* The task *
Repeat exactly the lines from the first line of the records through the line containing "Borg & Beck", and nothing more.

[Collection entries]
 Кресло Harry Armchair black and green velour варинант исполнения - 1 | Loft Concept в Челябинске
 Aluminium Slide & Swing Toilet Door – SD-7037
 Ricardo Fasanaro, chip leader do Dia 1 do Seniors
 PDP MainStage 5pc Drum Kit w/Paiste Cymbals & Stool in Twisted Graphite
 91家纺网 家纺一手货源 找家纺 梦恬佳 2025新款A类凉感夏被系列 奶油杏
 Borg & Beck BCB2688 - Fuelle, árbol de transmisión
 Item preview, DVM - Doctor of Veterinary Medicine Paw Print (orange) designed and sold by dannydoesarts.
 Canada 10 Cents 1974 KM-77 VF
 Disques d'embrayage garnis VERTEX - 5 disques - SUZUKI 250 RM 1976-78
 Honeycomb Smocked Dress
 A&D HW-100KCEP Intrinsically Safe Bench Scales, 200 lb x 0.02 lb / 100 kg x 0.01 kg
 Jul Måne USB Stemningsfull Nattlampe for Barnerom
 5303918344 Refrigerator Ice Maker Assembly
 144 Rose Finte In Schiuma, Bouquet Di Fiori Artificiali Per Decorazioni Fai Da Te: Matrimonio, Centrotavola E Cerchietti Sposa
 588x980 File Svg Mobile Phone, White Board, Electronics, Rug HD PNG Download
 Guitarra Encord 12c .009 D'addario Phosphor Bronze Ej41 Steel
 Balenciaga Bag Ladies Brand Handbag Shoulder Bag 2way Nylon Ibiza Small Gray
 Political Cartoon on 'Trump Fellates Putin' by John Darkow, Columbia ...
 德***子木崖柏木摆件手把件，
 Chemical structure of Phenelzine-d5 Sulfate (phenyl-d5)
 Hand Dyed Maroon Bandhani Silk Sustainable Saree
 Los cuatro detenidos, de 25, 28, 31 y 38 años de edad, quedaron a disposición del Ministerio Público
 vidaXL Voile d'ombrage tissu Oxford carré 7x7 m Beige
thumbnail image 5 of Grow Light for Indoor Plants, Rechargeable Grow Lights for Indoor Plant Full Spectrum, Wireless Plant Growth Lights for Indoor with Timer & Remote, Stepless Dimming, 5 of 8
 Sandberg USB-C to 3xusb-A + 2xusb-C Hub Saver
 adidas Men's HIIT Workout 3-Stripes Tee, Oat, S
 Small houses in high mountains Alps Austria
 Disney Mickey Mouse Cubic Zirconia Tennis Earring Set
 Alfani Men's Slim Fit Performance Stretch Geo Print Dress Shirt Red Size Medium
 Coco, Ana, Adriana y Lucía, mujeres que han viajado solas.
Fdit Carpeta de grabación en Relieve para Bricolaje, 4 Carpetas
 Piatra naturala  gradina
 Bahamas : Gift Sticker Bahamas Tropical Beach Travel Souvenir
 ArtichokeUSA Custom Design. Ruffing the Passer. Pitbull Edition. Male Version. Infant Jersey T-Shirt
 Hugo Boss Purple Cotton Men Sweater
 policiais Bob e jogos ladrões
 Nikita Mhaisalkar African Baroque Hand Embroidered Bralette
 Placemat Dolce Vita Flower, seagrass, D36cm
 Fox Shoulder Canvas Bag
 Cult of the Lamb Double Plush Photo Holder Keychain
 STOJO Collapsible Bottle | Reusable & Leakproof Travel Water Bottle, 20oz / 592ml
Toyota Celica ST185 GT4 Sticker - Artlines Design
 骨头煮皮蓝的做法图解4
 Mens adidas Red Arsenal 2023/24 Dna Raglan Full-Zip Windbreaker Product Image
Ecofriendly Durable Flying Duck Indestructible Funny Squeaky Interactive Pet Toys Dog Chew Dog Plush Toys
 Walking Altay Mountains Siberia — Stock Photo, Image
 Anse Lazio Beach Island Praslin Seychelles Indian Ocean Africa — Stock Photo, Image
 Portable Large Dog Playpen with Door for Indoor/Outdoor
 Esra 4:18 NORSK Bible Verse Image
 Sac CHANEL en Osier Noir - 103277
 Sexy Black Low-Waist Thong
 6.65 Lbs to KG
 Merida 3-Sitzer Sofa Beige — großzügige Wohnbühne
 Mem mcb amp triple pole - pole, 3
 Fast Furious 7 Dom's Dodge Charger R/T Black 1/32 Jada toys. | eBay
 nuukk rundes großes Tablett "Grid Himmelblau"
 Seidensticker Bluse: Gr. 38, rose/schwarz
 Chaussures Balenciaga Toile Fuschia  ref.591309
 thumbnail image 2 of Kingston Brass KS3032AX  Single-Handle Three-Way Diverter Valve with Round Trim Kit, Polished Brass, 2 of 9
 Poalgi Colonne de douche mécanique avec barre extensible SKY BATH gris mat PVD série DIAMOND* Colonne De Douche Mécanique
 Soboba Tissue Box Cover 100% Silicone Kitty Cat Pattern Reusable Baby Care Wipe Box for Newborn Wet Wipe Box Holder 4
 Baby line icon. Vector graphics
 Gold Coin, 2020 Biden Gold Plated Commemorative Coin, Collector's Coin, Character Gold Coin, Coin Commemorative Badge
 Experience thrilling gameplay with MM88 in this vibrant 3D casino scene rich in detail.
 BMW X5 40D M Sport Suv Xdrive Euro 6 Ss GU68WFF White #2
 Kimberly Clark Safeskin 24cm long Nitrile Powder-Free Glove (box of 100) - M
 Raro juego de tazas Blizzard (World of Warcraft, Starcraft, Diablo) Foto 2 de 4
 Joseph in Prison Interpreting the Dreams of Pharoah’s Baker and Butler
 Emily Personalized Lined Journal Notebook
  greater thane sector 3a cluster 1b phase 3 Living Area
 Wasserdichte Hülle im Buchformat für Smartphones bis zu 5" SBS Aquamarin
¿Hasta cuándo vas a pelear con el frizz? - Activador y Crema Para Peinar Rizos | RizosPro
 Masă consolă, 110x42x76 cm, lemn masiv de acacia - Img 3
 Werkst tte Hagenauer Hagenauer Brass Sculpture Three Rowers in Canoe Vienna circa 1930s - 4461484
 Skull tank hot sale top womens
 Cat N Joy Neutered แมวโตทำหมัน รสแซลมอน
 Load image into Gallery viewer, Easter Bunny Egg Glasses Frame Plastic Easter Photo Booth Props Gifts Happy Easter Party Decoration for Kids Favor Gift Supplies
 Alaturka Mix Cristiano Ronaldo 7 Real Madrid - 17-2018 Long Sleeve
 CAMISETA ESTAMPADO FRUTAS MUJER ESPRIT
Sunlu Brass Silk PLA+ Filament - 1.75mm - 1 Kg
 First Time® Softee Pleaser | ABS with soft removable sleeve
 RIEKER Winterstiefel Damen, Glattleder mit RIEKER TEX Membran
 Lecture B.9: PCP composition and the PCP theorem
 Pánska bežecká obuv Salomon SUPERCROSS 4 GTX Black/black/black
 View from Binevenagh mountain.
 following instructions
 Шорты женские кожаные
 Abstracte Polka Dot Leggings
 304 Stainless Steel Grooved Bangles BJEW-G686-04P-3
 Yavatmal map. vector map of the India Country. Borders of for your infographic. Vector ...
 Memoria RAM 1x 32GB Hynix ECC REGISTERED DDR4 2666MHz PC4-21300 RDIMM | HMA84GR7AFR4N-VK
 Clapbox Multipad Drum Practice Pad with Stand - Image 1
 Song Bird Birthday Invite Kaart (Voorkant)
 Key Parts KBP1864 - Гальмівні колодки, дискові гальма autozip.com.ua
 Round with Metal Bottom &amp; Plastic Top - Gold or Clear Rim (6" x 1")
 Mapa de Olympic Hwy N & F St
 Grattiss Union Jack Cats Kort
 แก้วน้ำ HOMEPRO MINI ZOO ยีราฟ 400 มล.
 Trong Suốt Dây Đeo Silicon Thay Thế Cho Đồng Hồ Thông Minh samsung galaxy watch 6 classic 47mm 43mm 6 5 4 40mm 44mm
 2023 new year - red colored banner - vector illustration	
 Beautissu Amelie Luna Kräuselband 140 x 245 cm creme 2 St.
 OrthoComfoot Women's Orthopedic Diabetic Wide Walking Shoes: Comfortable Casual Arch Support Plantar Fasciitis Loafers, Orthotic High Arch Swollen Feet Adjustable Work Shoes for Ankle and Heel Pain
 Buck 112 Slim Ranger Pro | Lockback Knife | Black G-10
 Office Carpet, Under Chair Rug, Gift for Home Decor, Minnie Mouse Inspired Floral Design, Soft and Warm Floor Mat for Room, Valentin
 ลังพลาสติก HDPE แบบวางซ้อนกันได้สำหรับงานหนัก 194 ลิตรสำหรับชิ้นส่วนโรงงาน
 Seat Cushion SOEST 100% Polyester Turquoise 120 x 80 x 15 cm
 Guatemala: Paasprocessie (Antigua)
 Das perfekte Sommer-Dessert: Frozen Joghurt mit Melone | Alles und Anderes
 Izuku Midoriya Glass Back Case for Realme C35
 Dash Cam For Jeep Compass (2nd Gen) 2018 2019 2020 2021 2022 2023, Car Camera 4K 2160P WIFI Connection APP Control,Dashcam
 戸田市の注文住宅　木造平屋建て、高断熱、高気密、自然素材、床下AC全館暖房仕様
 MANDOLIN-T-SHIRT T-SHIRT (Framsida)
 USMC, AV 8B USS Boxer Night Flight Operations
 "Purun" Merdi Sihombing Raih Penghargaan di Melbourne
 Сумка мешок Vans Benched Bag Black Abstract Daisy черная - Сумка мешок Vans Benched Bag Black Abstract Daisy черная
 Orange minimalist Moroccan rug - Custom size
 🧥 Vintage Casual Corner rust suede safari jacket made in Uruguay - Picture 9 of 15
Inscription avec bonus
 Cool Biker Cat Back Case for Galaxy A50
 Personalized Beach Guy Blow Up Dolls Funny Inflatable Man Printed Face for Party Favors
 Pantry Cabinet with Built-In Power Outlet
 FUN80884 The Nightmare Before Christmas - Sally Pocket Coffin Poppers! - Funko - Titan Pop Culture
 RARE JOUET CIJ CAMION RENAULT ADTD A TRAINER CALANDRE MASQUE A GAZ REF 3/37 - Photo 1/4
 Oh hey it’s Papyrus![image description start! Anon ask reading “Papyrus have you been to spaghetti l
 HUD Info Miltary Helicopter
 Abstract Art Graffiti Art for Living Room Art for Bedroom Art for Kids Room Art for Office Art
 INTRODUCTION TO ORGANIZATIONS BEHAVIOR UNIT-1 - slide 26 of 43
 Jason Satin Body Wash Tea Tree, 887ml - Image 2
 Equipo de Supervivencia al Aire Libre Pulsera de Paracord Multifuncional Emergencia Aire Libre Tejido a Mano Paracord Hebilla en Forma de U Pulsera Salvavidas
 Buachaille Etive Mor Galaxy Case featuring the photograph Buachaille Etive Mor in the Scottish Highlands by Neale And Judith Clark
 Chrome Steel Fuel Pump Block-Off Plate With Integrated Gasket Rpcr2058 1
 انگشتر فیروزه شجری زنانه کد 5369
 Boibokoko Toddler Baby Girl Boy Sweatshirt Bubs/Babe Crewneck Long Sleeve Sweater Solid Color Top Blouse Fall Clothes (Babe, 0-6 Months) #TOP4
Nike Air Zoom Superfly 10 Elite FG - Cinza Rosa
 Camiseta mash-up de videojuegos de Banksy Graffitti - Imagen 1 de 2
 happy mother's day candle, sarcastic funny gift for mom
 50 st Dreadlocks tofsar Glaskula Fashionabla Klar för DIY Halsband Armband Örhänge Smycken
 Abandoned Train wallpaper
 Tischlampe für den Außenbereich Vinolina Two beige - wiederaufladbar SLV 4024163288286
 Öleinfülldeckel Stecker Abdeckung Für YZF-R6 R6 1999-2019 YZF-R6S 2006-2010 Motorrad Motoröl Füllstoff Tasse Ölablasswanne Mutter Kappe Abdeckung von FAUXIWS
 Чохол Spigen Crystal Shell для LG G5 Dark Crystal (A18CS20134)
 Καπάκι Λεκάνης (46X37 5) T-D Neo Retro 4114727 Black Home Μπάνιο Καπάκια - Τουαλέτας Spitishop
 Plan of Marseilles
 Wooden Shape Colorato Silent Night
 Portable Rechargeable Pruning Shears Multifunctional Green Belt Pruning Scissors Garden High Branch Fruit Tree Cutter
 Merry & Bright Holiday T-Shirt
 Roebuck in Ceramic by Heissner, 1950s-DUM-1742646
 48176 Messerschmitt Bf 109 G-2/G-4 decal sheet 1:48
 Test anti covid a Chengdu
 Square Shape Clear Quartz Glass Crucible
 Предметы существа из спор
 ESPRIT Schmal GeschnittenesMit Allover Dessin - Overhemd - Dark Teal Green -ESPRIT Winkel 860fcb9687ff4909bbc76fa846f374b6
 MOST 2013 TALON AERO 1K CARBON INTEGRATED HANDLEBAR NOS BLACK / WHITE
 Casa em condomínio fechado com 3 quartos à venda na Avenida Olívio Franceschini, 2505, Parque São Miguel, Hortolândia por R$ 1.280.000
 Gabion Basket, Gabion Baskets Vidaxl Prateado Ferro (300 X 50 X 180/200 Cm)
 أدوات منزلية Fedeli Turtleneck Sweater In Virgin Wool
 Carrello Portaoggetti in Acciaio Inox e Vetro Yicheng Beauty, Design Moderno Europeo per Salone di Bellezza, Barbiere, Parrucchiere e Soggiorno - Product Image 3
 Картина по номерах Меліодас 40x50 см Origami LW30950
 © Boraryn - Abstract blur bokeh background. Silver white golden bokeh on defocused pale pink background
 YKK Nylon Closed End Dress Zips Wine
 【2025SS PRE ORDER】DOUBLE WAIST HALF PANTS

* Result below *
 Кресло Harry Armchair black and green velour варинант исполнения - 1 | Loft Concept в Челябинске
 Aluminium Slide & Swing Toilet Door – SD-7037
 Ricardo Fasanaro, chip leader do Dia 1 do Seniors
 PDP MainStage 5pc Drum Kit w/Paiste Cymbals & Stool in Twisted Graphite
 91家纺网 家纺一手货源 找家纺 梦恬佳 2025新款A类凉感夏被系列 奶油杏
 Borg & Beck BCB2688 - Fuelle, árbol de transmisión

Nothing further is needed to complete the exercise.